Stop treating LLMs like dumb interns, smart dogs, or any kind of living thing. They are ghosts. They have jagged, illogical intelligence. The exact same model that can reverse engineer a 100,000 line codebase and find an undiscovered zero-day vulnerability will also sincerely tell you to walk 50 meters to the car wash. It will not remember you drove there. It will not see the obvious contradiction.
For anyone building products with AI this means:
- Never assume competence in one area means competence anywhere else
- Always keep a human verification step, especially for use cases outside the model's training distribution
- Don't yell at it. Don't praise it. It has no feelings. Stop anthropomorphising. Look at the data.
The one rule for what AI can actually automate
Forget all the hot takes about which jobs will disappear. Karpathy states there is only one variable that matters: verifiability.
Old traditional computers automated things you could define exactly. Modern LLMs automate things you can verify exactly.

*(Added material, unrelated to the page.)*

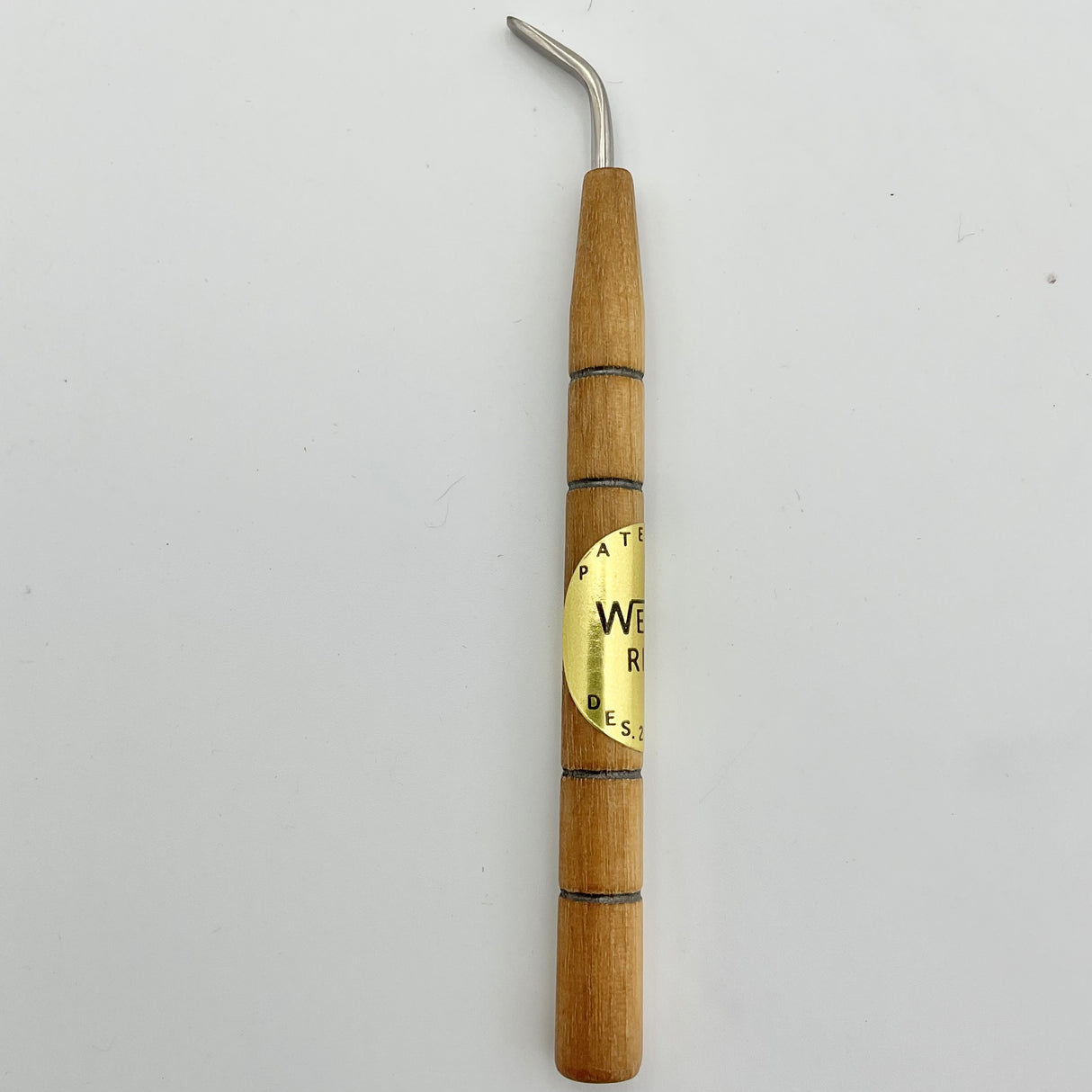 Packing Tool 1/8 inch Narrow Tip - Small Weave Rite Tool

That is the entire boundary.
This is also the biggest untapped opportunity for AI products right now. Look for niches where:
- There is a clear, objective way to check if an output is correct
- No one has done targeted reinforcement learning training for this use case yet
Think specific legal compliance checks, industrial quality control steps, specialised code audits. These are not the flashy demo use cases everyone posts about. These are the places AI will actually create real, reliable value first.
What human skills are still valuable?
Everyone is asking the same question: if AI can write all the code, what am I even supposed to do?
Karpathy's answer is very clear:
You can outsource thinking. You can never outsource understanding.
Learning how to write good prompts is table stakes now. The actual rare, valuable skills right now are:
- Actually understanding your real user's needs
- Developing intuition for when the AI is wrong, before it breaks something
- Deciding what is even worth building in the first place
AI will execute almost anything you ask for. It will never tell you if you are building the wrong thing.
3 Actionable takeaways for AI product managers
Build an evaluation harness before you build the feature Stop just being impressed by demo videos. Before you ship any AI feature, first answer: How will we measure if this output is good? Who checks it? What do we do when it fails? If you can't answer these, don't ship.
Filter every product idea through the verifiability test If you can't clearly explain how you will confirm the AI did the job correctly, walk away. You will end up with something that looks great in demos and falls apart the second real users touch it.
Stop practising tool usage. Practise understanding. Anyone can learn to use Claude or Cursor in a week. No AI can replace the work of talking to users, learning your domain, and building good judgement about what matters. That is your moat now.
Closing thought
We are not at the end of this shift. We are at the very beginning.
Vibe Coding was the fun, wild first year of this new world. That party is over for production work. Now comes the actual engineering part.
Software 3.0 is not a threat. It is the most powerful lever any developer or product person has ever had. But it only works if you stop pretending AI is magic, learn its actual boundaries, and learn how to work with it properly.